Saturday, July 7, 2012

For What It's Worth


“There's something happening here/What it is ain't exactly clear . . . .” — Stephen Stills, Buffalo Springfield

If you were of age in the late 60s you can probably hear that song in your head, the ringing notes of the opening bars suggestive both of hope and apprehension as Stephen Stills’ voice, bluesy with a mocking edge to it, drew us into the images. It became something of an anthem as the mass protests against the Vietnam War spread from city to city across America. 

I always associate that song with the 4th of July, perhaps because, inevitably, the 4th is about massive crowds—at least it is where I live, near Washington, D.C.—and because if there’s a protest to be writ large it will happen on the national stage of the Mall in the heart of D.C. 

It’s been years since I actually went down to the Mall for the Fourth of July celebrations. When I first moved out here from California in 1981, fresh out of graduate school, to take a teaching position, I did the usual things for a newcomer which included joining 250,000 people, the National Orchestra, fireworks (‘bombs bursting in air’ and ‘the rockets’ red glare’), sometimes the Beach Boys, parades, and speeches by the usual suspects — all of us basted and cooked to perfection in D.C.’s 100+ degree fire pits. If you do that a couple of seasons you develop a lingering suspicion that you’re just one of thousands of extras in an apocalyptic thriller movie. The thin veneer of civilization peels back in your waking nightmare as you imagine the ultimate fireworks of nuclear holocaust opening above the Washington Monument. 

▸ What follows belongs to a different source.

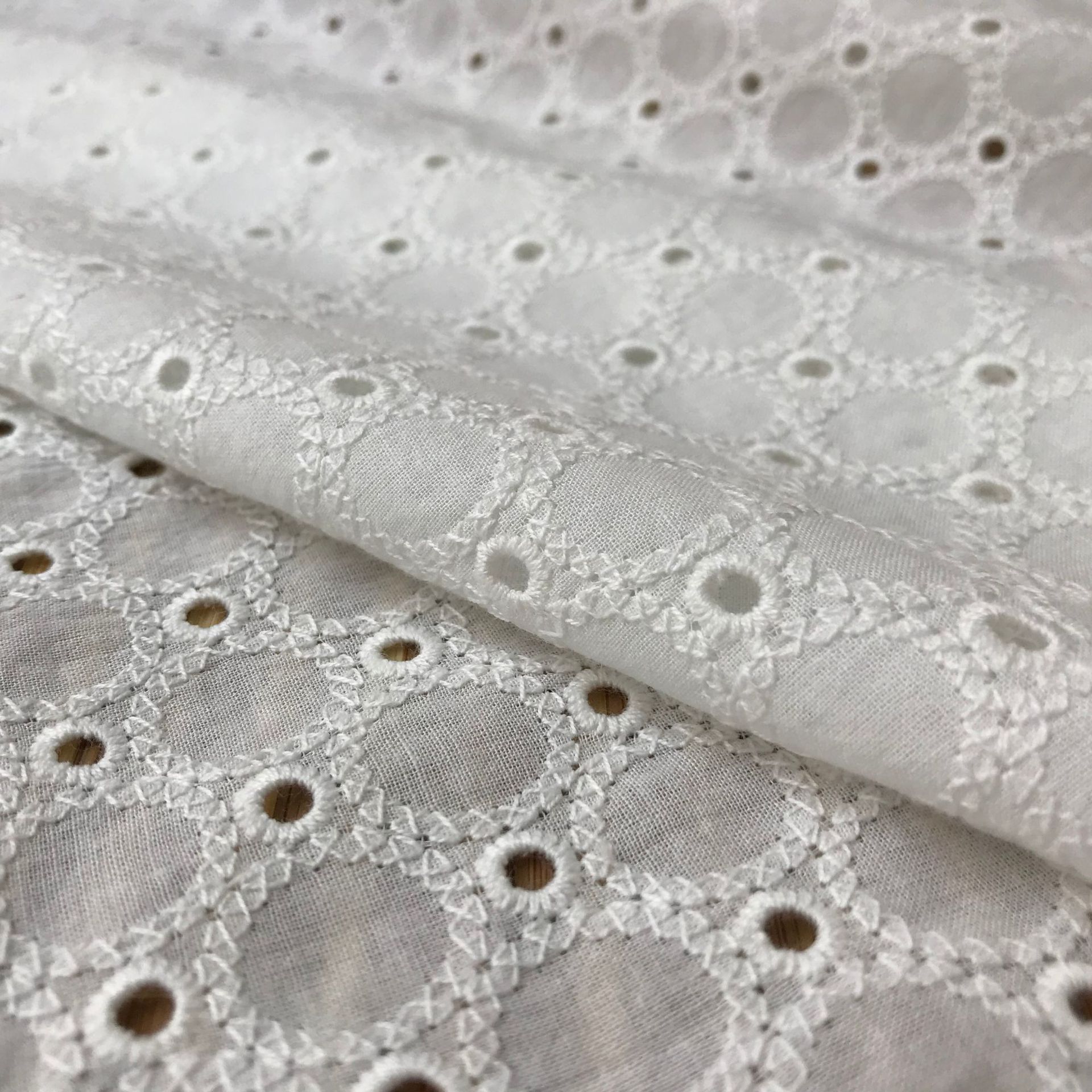 Хлопковая джинсовая ткань с ме – обзор и цена Sewing Eyelet Fabric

So you stay home the following year and find you do not miss the hour-long wait at the subway station, moving a foot at a time toward the abattoir deep underground, all in lock-step with the thousands of sodden, hungry, and beaten citizens on this holiest of civic holidays. I exaggerate, of course, but only slightly: you may enjoy conjecturing on which parts of the narrative cross the line of sensible imagination.

But whether I stay or go to Fourth of July public rituals my dilemma remains the same: I do not know how to act patriotically on that day or any other day. I left Canada at the age of five in the company of grandparents who were headed for teaching positions in California. My memories of Canada are pleasant but my knowledge of its politics and culture is slight. Most of my life has been spent in America, with a year and some summers in Britain, and another year in British Columbia. And yet I remain a Canadian citizen and have never voted in this country. 

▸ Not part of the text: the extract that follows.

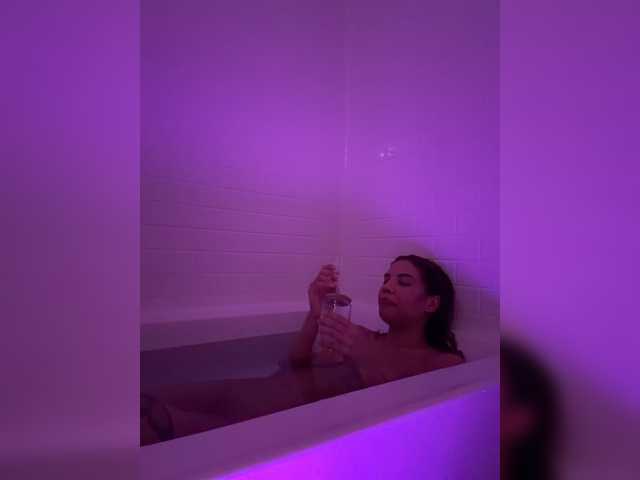 LunaCarmel809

Assimilated to Northern California culture at an impressionable age, I nevertheless found no ground upon which to stand, and thus I remain oddly suspended, neither fully Canadian by geographical and cultural immersion nor American by citizenship and pride. When I traveled in Europe on my Canadian passport in the early 70s, a maple-leaf stitched proudly on my backpack, I received encouraging glances and the offer of conversation. When it was discovered that I was Canadian but lived in America, curiosity turned to something close to envy, although a lecture on the failings of American foreign policy was sure to follow. 

I was never sure how to respond. Like many middle-class American kids I had my views on the war, which ran the gamut from naive to ignorant. But of the  moral darkness of the venture I was deeply convinced and have found no reason since to revise that view. What I was naive about were the reasons why boys my age were drafted and why some even volunteered. As the war dragged on it became more clear that disproportionate numbers of poor whites, blacks, and Hispanics were being drafted. That seemed wrong to me, but I don’t think I could have explained why at the time. What genuinely puzzled me was why anyone would volunteer. In the years that followed I spoke to some who had stepped up with pride, served as officers, and returned home feeling betrayed by the American public. They had been told they were fighting for freedom. A lot of Americans saw them as baby-killers. 

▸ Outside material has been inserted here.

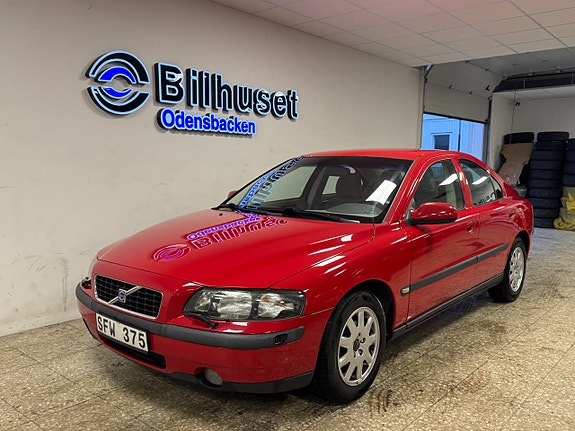 Volvo S60 4 of 5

When we stood for the pledge of allegiance in school I did not recite it nor place my hand over my heart. Dimly, I understood that would be somehow wrong, although my reticence was sometimes taken for defiance. When I saw the flag unfurled, waving in the breeze or heard the national anthem, I did not tear up nor bow my head in gratitude. The Star Spangled Banner seemed simply unfortunate, the lamest excuse for a call to patriotism that I could imagine. Nobody could sing it well and the only version I could stand was Jimi Hendrix’s fuzzed-up and melancholy riff. 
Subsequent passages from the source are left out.